● Recorded information:
--- START ---

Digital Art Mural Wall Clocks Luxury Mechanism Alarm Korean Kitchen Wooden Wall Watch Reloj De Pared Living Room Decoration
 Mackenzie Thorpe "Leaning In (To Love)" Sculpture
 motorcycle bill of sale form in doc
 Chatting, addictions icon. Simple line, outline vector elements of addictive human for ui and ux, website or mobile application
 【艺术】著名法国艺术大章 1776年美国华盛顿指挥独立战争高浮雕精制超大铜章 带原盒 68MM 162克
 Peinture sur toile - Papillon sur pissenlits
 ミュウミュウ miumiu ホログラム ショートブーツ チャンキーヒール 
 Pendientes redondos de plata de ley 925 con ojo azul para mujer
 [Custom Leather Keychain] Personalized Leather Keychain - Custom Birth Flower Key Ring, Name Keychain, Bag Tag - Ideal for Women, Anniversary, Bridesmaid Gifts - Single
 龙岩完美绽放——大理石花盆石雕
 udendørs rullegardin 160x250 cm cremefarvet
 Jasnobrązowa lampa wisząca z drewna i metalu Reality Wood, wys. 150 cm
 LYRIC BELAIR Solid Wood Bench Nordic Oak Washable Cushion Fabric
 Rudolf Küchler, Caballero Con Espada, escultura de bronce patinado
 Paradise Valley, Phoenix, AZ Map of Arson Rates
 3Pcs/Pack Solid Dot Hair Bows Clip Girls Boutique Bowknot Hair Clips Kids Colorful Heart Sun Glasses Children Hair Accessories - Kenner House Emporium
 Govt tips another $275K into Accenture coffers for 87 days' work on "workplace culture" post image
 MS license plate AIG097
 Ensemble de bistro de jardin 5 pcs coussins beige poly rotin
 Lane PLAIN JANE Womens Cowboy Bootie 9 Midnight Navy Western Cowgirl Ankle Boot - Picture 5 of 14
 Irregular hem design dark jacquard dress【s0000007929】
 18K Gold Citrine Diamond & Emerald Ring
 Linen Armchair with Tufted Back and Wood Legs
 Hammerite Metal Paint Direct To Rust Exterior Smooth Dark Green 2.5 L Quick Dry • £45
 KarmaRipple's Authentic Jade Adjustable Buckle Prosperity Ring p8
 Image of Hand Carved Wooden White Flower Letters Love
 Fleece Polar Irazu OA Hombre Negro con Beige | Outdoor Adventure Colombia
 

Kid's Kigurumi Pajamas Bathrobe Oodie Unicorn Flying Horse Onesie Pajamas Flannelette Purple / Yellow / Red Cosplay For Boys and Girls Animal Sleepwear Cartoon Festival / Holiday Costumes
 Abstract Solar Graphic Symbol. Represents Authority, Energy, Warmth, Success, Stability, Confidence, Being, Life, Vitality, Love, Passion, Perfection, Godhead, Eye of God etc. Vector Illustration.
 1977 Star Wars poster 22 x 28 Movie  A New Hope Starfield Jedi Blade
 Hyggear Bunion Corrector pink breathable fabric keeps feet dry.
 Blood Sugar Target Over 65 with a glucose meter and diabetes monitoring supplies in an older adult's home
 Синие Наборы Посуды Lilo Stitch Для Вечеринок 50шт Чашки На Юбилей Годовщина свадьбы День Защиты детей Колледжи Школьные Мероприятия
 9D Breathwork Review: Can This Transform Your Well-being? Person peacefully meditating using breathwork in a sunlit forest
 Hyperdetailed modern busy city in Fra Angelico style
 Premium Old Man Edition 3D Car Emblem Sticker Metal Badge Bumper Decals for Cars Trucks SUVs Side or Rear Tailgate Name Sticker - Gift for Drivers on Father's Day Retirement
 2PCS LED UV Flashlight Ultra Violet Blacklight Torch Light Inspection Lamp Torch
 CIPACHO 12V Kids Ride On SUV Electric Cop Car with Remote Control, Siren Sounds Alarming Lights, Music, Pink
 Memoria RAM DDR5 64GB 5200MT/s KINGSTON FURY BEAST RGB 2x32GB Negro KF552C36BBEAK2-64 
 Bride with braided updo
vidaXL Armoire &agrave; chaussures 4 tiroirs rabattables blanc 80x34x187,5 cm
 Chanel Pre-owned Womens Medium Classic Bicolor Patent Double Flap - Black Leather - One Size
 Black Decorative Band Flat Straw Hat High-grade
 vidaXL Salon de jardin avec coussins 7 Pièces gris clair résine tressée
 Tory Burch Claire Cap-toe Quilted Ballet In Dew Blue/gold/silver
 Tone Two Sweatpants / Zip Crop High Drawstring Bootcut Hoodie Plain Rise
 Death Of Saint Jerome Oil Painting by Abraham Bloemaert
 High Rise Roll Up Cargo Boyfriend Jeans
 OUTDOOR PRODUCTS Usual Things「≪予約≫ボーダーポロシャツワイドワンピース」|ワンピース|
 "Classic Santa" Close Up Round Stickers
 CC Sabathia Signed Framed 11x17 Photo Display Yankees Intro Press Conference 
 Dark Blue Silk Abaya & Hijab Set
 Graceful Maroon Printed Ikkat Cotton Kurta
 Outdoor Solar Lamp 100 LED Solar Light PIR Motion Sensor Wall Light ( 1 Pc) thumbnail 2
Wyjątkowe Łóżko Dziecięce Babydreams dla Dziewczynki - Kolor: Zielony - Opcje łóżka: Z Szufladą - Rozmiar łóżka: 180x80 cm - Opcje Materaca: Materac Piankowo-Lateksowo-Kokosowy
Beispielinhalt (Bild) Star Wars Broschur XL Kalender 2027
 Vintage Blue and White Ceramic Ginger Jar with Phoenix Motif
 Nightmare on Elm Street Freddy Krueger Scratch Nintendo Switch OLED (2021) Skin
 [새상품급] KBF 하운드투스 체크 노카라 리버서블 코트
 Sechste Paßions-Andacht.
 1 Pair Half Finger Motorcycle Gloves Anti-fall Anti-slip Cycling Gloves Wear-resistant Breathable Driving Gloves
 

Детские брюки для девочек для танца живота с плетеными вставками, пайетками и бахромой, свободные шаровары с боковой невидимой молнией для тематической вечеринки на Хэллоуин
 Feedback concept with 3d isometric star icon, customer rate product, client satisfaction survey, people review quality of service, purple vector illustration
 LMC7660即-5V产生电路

--- END ---

● What to do: In the material above, locate the line containing "Abstract Solar Graphic" and the line containing "Синие Наборы Посуды". Transcribe exactly those two lines and every line between them, and nothing more.

● Finished exercise:
 Abstract Solar Graphic Symbol. Represents Authority, Energy, Warmth, Success, Stability, Confidence, Being, Life, Vitality, Love, Passion, Perfection, Godhead, Eye of God etc. Vector Illustration.
 1977 Star Wars poster 22 x 28 Movie  A New Hope Starfield Jedi Blade
 Hyggear Bunion Corrector pink breathable fabric keeps feet dry.
 Blood Sugar Target Over 65 with a glucose meter and diabetes monitoring supplies in an older adult's home
 Синие Наборы Посуды Lilo Stitch Для Вечеринок 50шт Чашки На Юбилей Годовщина свадьбы День Защиты детей Колледжи Школьные Мероприятия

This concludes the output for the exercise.